Set down without change every line from the line that contains "INDIAN ACTRESS: Apoorva" through the end of the listing, and only those lines. No pictures.

== SUPPLIED RECORDS

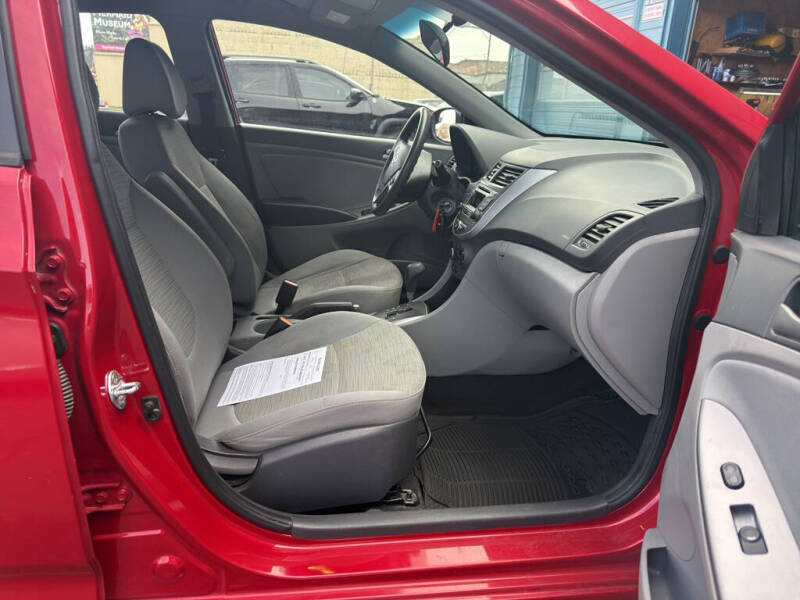 2015 Hyundai Accent GS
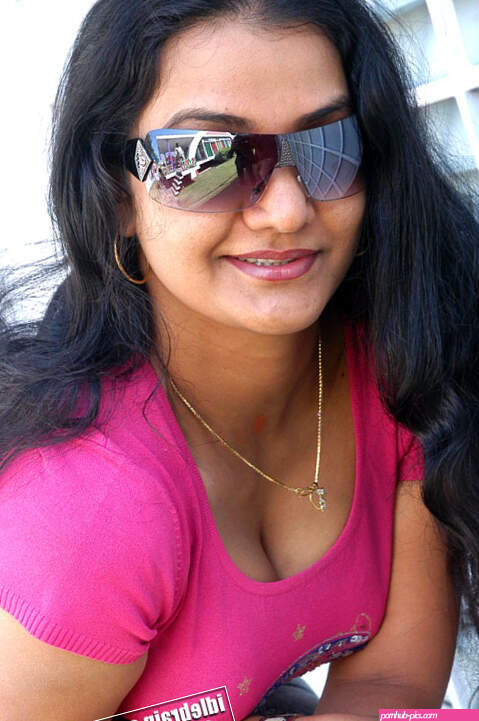 INDIAN ACTRESS: Apoorva south Indian aunty deep boobs cleavage pictures at latest hot photoshoot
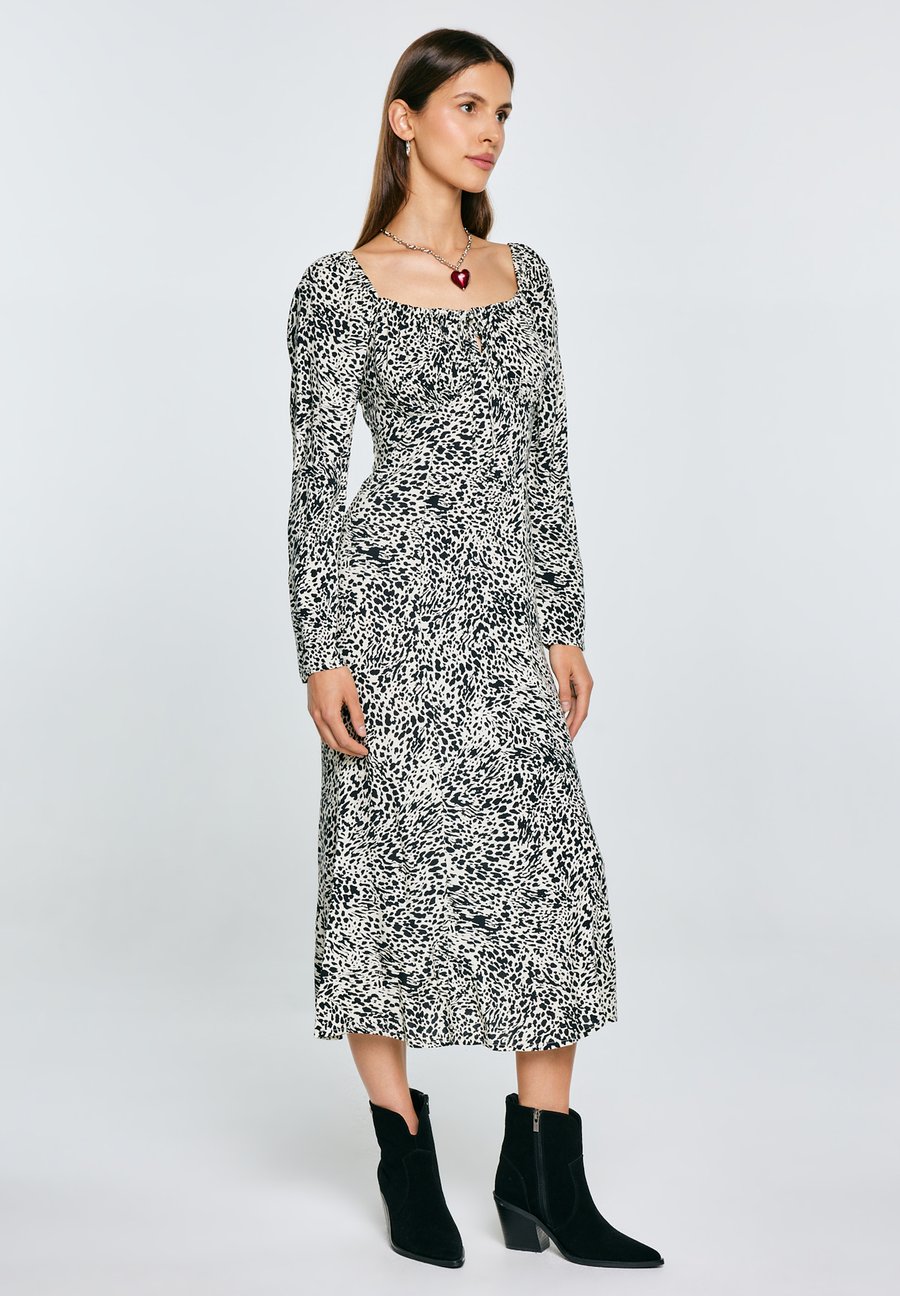 Платье Big Star KIARA, Schwarz/Black
Платье Big Star KIARA, Schwarz/Black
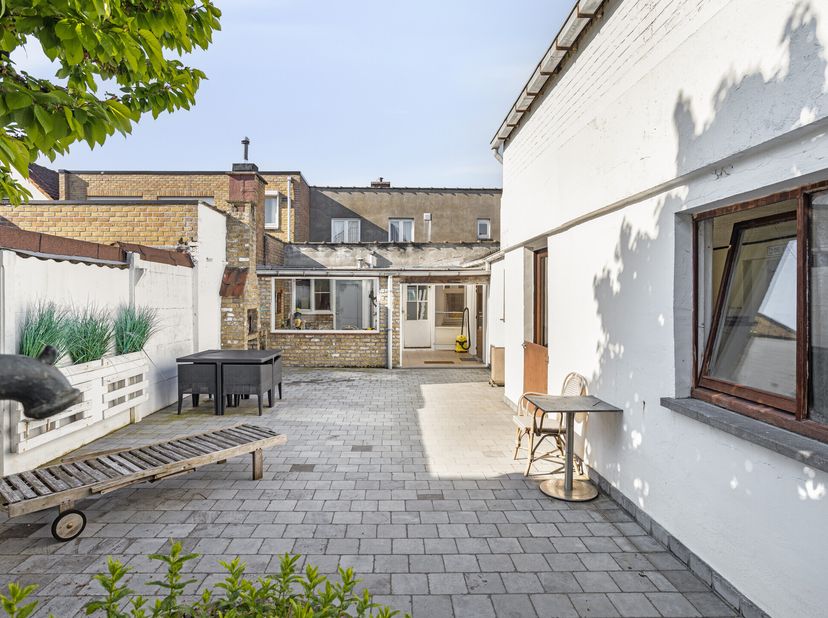 In de Smedenstraat centraal gelegen te Knokke, bieden wij deze gesloten rijwoning te koop aan. Het huis is gelegen op een perceel van 190m² met tal va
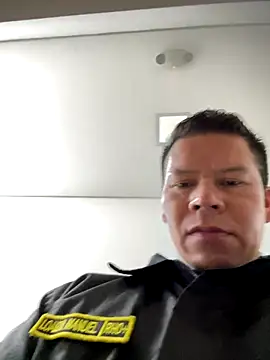 Snapshot of Manu0586 chatting on October 29, 2025, 12:20 am Manu0586 online show from October 29, 2025, 12:20 am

====

* _WORKED SOLUTION_
 INDIAN ACTRESS: Apoorva south Indian aunty deep boobs cleavage pictures at latest hot photoshoot
 Платье Big Star KIARA, Schwarz/Black
Платье Big Star KIARA, Schwarz/Black
 In de Smedenstraat centraal gelegen te Knokke, bieden wij deze gesloten rijwoning te koop aan. Het huis is gelegen op een perceel van 190m² met tal va
 Snapshot of Manu0586 chatting on October 29, 2025, 12:20 am Manu0586 online show from October 29, 2025, 12:20 am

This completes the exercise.